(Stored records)
*** Begin section ***

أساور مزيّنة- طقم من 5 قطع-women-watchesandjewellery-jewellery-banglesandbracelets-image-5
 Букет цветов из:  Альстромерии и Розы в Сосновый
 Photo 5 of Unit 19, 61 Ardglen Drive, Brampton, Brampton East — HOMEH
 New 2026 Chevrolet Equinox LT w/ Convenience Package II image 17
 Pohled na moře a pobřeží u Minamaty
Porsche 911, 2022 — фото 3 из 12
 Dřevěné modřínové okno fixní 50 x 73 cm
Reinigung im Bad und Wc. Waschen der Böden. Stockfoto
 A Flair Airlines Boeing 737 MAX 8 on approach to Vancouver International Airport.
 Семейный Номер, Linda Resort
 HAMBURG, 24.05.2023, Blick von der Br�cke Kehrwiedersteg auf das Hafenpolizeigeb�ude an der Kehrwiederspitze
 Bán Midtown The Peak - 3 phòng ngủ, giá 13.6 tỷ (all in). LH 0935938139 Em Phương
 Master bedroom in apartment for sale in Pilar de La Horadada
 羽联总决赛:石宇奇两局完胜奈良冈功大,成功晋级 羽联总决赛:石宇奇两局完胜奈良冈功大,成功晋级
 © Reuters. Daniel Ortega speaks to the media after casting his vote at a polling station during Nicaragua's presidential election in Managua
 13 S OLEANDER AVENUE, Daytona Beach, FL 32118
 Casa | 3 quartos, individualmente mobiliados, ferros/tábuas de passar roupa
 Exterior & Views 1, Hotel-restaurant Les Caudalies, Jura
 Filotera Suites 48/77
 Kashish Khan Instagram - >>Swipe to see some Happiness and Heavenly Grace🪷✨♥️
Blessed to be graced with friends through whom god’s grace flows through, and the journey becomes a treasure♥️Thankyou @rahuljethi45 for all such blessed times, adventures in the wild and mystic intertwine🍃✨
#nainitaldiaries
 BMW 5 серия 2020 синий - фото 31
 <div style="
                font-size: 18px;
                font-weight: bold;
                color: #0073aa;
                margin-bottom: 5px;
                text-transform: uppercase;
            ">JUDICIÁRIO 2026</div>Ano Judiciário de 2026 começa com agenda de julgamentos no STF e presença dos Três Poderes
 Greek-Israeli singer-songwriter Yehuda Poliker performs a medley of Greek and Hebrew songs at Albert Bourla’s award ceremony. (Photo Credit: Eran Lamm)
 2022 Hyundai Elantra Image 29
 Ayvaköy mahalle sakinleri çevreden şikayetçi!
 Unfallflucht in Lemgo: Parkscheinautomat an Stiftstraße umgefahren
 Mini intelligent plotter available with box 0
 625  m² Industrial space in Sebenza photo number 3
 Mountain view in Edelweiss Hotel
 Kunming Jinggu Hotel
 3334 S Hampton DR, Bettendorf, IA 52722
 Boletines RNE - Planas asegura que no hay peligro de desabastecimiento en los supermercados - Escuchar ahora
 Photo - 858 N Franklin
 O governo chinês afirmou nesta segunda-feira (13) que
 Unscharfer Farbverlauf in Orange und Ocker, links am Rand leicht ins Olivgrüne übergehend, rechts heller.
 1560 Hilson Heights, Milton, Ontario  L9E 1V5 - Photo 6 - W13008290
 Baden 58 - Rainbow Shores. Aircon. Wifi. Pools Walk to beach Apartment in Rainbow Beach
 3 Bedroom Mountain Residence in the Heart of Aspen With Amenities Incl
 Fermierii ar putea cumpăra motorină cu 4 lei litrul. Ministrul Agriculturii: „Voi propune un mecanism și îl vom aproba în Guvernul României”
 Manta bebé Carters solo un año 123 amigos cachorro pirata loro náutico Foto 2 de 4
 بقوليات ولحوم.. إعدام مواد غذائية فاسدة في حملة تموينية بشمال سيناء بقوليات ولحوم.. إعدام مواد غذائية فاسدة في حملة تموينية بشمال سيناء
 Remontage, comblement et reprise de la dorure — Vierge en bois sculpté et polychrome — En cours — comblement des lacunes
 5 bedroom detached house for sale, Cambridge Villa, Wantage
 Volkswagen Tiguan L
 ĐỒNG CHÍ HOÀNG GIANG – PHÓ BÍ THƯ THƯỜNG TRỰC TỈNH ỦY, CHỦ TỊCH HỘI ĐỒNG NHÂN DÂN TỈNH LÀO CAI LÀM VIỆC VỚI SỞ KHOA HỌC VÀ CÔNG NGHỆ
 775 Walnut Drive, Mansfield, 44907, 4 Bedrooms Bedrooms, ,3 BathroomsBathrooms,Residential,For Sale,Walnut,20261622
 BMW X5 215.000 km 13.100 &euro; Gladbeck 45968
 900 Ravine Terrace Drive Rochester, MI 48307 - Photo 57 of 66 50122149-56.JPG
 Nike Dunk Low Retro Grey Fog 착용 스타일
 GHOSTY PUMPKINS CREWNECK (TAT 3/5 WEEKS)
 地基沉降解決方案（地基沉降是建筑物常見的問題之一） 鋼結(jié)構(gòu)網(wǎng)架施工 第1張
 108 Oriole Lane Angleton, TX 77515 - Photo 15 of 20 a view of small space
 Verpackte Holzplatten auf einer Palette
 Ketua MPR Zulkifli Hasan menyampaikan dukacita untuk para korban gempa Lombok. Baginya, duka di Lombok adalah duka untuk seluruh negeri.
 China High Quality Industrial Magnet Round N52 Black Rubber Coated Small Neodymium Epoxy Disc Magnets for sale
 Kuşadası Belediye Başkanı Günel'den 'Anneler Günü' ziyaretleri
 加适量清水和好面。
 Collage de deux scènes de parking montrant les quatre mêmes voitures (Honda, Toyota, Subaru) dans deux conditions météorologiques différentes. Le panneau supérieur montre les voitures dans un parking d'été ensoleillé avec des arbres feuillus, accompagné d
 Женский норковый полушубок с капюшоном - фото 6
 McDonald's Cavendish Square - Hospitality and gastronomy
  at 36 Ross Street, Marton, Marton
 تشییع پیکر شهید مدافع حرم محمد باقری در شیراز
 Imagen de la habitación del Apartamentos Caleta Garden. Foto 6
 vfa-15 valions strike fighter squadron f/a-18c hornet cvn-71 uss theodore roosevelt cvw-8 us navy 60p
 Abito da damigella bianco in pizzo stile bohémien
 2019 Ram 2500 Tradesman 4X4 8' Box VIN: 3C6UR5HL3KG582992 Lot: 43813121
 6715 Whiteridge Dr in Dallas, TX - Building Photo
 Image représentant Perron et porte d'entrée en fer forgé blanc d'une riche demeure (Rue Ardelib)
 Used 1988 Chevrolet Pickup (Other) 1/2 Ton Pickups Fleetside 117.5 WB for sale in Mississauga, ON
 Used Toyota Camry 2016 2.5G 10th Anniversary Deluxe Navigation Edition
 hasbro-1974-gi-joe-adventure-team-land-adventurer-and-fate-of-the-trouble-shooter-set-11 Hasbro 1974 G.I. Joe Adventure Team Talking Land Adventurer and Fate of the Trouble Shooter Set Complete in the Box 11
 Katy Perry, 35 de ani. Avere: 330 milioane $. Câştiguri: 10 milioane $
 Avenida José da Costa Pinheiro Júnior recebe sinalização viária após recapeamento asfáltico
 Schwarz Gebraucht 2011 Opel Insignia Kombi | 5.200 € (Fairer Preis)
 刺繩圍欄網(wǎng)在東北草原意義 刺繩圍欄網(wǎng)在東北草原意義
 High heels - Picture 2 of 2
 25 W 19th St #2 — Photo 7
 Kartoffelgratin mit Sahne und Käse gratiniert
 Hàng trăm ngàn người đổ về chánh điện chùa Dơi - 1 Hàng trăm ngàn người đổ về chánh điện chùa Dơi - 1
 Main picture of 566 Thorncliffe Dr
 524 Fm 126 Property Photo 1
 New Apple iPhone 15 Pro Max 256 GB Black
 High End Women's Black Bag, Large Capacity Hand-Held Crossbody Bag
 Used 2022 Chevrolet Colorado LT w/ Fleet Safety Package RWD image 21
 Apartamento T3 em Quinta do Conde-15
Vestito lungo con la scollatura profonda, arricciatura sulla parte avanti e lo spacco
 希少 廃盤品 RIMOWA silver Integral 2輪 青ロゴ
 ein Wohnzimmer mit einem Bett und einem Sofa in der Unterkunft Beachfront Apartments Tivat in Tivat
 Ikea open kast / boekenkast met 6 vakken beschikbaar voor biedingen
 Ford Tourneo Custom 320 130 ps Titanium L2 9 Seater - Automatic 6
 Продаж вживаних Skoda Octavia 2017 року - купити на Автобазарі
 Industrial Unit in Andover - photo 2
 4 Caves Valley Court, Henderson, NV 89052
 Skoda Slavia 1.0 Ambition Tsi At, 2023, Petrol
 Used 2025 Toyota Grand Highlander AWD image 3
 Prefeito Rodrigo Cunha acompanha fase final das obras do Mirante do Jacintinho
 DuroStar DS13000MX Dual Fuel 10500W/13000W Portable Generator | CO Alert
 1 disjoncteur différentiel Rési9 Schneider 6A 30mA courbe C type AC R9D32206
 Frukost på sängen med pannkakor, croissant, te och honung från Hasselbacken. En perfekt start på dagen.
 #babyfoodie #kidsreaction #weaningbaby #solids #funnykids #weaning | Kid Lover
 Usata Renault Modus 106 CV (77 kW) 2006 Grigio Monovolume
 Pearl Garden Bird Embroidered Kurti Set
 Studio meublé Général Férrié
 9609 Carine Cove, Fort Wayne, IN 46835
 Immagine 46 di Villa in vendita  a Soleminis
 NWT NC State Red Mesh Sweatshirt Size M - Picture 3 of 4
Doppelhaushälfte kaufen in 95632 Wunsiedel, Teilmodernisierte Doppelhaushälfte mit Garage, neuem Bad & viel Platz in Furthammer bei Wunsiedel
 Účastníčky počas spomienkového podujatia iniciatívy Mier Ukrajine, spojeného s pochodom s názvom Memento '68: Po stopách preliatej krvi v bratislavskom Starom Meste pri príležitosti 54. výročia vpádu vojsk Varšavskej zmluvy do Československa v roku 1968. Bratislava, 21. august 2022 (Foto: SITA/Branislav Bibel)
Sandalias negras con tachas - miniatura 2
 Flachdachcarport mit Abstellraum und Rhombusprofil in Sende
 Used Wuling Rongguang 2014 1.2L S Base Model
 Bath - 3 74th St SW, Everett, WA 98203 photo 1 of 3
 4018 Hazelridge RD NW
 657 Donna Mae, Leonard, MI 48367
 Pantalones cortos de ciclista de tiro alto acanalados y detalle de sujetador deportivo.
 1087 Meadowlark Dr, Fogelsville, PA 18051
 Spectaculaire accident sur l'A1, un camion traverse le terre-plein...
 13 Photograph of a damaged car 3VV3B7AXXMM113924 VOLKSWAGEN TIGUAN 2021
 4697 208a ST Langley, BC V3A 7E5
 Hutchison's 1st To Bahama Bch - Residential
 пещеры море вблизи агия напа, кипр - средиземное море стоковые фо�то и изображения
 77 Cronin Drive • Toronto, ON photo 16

*** End section ***

**WHAT TO WORK ON:** The answer must hold only the lines from the first line of the data through the line bearing "New 2026 Chevrolet", returned exactly.

**REPLY TO THE EXERCISE:**
أساور مزيّنة- طقم من 5 قطع-women-watchesandjewellery-jewellery-banglesandbracelets-image-5
 Букет цветов из:  Альстромерии и Розы в Сосновый
 Photo 5 of Unit 19, 61 Ardglen Drive, Brampton, Brampton East — HOMEH
 New 2026 Chevrolet Equinox LT w/ Convenience Package II image 17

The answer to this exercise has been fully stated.